Esta história começa num cabeleireiro do estado do Alabama, no sudeste norte-americano, em 1989. Phillip McCrory assistia a uma reportagem sobre o desastre do petroleiro Exxon Valdez, que espalhou 40 milhões de litros de crude na costa do Alasca. Ao mesmo tempo, lavava o cabelo de uma cliente e falava com os próprios botões: “Se a gordura se prende tão facilmente ao cabelo, não poderia o cabelo humano ser usado para limpar derrames de óleo?”

O salão ficava perto do Marshall Space Flight Center da NASA, onde investigadores comprovaram a teoria de Phillip, que a Agência de Protecção Ambiental dos Estados Unidos (EPA) também concluiu ser verdadeira: o cabelo é um óptimo absorvente de gordura e, comprimido em placas, pode ser bastante útil para remover óleo da água – cada fio de cabelo absorve entre três a nove vezes o seu peso em óleo, tanto que são as aves e mamíferos marinhos mais peludos os mais afectados por derrames de crude.

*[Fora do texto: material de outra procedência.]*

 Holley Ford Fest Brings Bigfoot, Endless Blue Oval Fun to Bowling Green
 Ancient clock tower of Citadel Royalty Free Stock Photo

O cabeleireiro fez várias tentativas para criar, sozinho, tapetes feitos com cabelo, e falhou. Em 1998 uniu forças com a organização sem fins lucrativos Matter of Trust e juntos lançaram o programa Clean Wave. A ideia brilhante de Phillip McCrory desencadeou um movimento em vários cantos do mundo, mas não antes de garantir a patente da invenção em Novembro de 2000.

Hoje, apenas nos Estados Unidos da América, 40 mil salões de cabeleireiro doam as madeixas cortadas à organização. São quilos de cabelo que todas as semanas seriam transportados em sacos de plástico para aterros sanitários. Ao programa Clean Wave chegam também encomendas de cabelo humano ou pêlo de animais vindas de 30 países.

A vontade de contribuir para esta iniciativa é particularmente notória em situações de desastre natural. Em 2007, os voluntários da Matter of Trust participaram na limpeza da baía de São Francisco, após o derrame de óleo do navio Cusco Busan. Quando, em 2010, a BP provocou, acidentalmente, o maior derrame de sempre, e espalhou cerca de 3,2 milhões de barris de petróleo no golfo do México, a Matter of Trust recebeu também a maior doação de cabelo desde a sua fundação. 

Se receber fios de cabelo muito longos e em bom estado, a Matter of Trust oferece-os a organizações que entregam perucas a quem perdeu cabelo em consequência do tratamento para o cancro ou de outras condições, como a The Little Princess Trust ou Hair We Share.

Em máquinas próprias para o efeito, as madeixas mais pequenas são bem comprimidas e transformadas em tapetes de cabelo, utilizados para limpar águas ou ruas poluídas. Quando colocados em sarjetas, funcionam como filtros naturais e absorvem óleo ou travam outros resíduos como beatas de cigarro. Nos lagos ou piscinas podem até embeber o protector solar que deixamos na água.

Nos Estados Unidos esta estratégia já é usada, por exemplo, no Texas e Novo México. São também enviados ou produzidos tapetes no Chile, Japão, Finlândia, Grécia, Inglaterra, França, Bélgica e Espanha. Portugal fica, ainda, fora da lista.

Um estudo de 2007 da Universidade de Tecnologia de Sydney, na Austrália, demonstrou que o cabelo humano ou o pêlo de animal funcionam tão eficazmente como outras soluções mais convencionais. “Tradicionalmente, os derrames são limpos com produtos químicos à base de petróleo e absorventes sintéticos. Não precisamos de usar mais óleo para limpar o óleo”, lê-se no site da Matter of Trust. “Quando um absorvente feito com cabelo se parte, são apenas fibras biodegradáveis, mais amigas do planeta.”

Outra vantagem é que estes tapetes podem ser lavados e reutilizados até dez vezes. “Este método impede que fibras naturais acabem em aterros, cria empregos verdes e sustentáveis e limpa os cursos de água”, defende a organização. “É uma solução da humanidade para um problema criado pela humanidade.”

Após um derrame de óleo, os tapetes, a funcionar como uma esponja, ficam saturados, e terminam em aterros sanitários ou incinerados, ainda que a lixeira não seja o destino ideal, reconhecem.

A Matter of Trust já experimentou fazer compostagem a partir de tapetes usados e teve algum sucesso em experiências com fungos, minhocas ou compostagem termofílica para tornar resíduos perigosos num composto saudável, mas esta ainda é uma solução a ser polida.